I am a control freak. Anyone who's ever worked an event with me can attest to this. As a event producer, every detail is of vital importance to me - I spend months preparing and filling in slots on shift sheets; each job has a description and a timeframe; every person has a role to play, and that role is explicitly defined (whether they like it, or not).
The problem with being a control freak is that I literally must be on top of everything and everyone at all times. When it comes to events that I produce, I am the Leather version of the oft feared Bridezilla behind the scenes, but in front of the audience or when I'm circulating through the crowd, I put on a performance that would win me an Emmy in half the time it took Susan Lucci.
While this sort of meticulous attention to detail often leads to wonderful events, it just as often breeds hostility amongst those who do not fare well in that sort of environment.
I ended up a control freak largely as a result of growing up in the performance world - singing, dancing, acting, playing...in the world of performance arts, control freaks produce the best results. For me, there is no room for failure. When you're dealing with other types of people, particularly those who insist on "going with the flow," it's often difficult for both parties to understand where the other is coming from in terms of how they deal with one another.

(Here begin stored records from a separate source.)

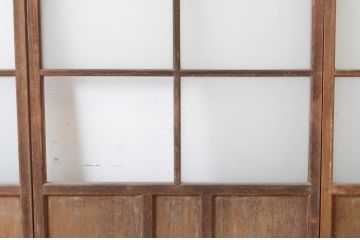 アンティーク建具　経年を感じさせる木味が魅力のガラス戸3枚セット(引き戸)(R-064639)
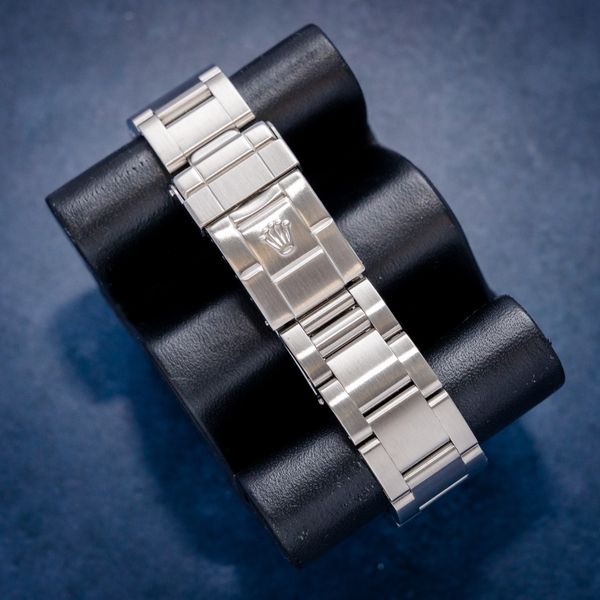 Rolex GMT Master 40MM (16710t) Black Bezel Sel - 2004 Production - Watch & Box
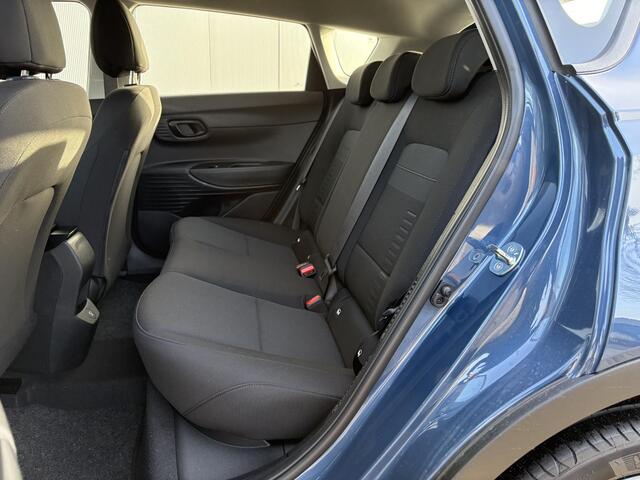 Hyundai Bayon 1.0 T-GDI Comfort / ¤ 3.000,- Voordeel Op Nieuwprijs / Prijs is een rijklaarprijs / Navigatie / Achteruitrijcamera / Airco / Cruise Control / LED Dagrijverlichting / LMV / Apple CarPaly & Android Auto /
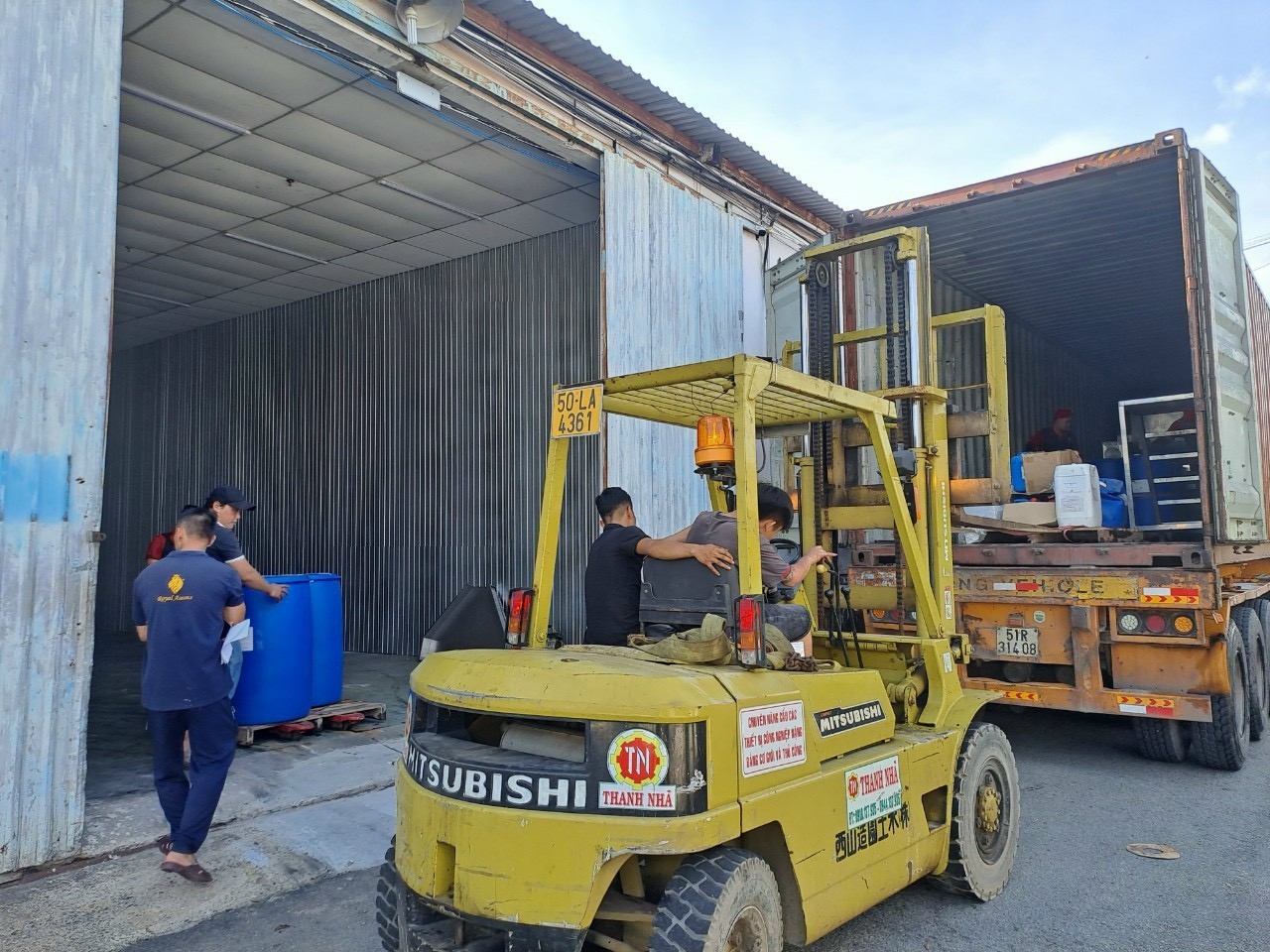 Dịch vụ rút container - Đảm bảo an toàn và hiệu quả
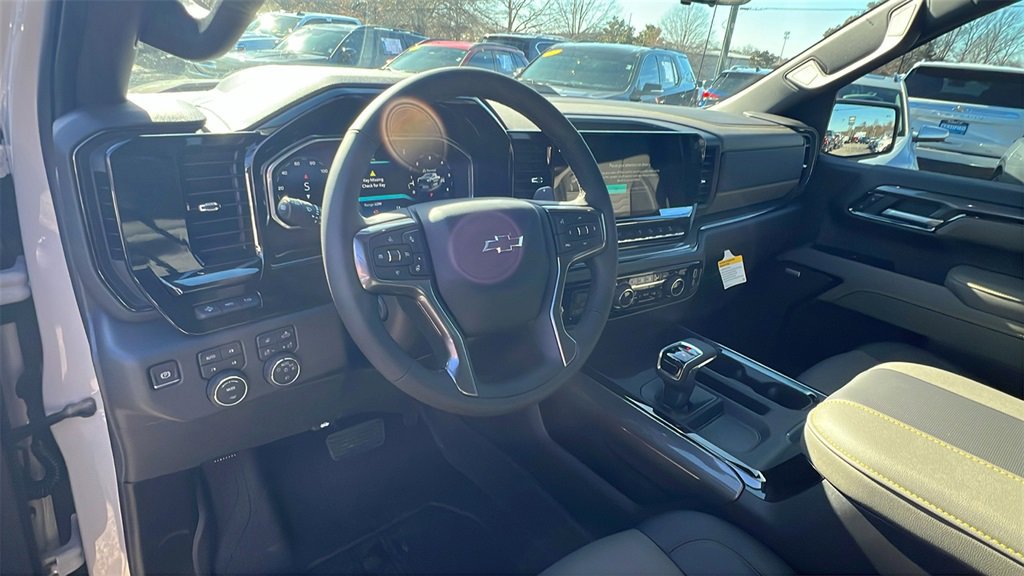 New 2026 Chevrolet Silverado 1500 ZR2 image 19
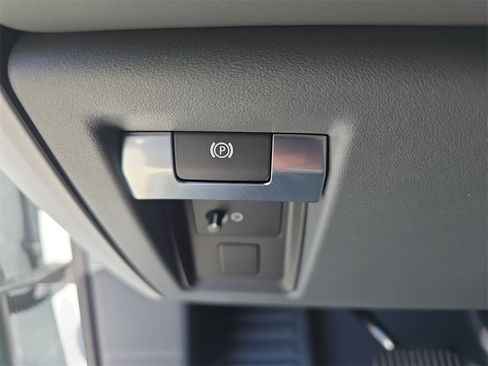 New 2025 Land Rover Defender 130 X-Dynamic SE image 27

As a performer, you are constantly analyzing your performance. For me, that carries over into my event production. After every event, I like to have a "debriefing session," wherein those in charge of various aspects of the event come together to discuss things that went right and those that went wrong. Anyone in show business will tell you that this is an invaluable tool for self-assessment, growth, and forward momentum. It can also be very hurtful to hear, particularly when the responsibility falls on your shoulders.
One of the hardest lessons I've stuggled, and still struggle, to learn is how to simply "Let go;" to let the chips fall where they may; to delegate important tasks to other people and, most importantly, to allow them the opportunity to fail.
Perhaps the most distressing trend in American society, in my not-so-humble opinion, is that we no longer see the benefit of failure. Everyone has to be constantly praised; you can't criticize; no one can be the "loser." "Self-esteem" has just blown the whole concept of "success vs. failure" to shit.
Without failure, we never learn; without defeat, we begin to accept mediocrity. If you never know, understand, and admit what you've done wrong, how will you ever know how not to repeat the same mistake?
With the Leather Community, I feel we frequently make this mistake, particularly when it comes to our gatherings and events. Because almost every Leather event is staffed by volunteers, it's very difficult to criticize the work of the unpaid. This does not mean, however, that assessment should not be done.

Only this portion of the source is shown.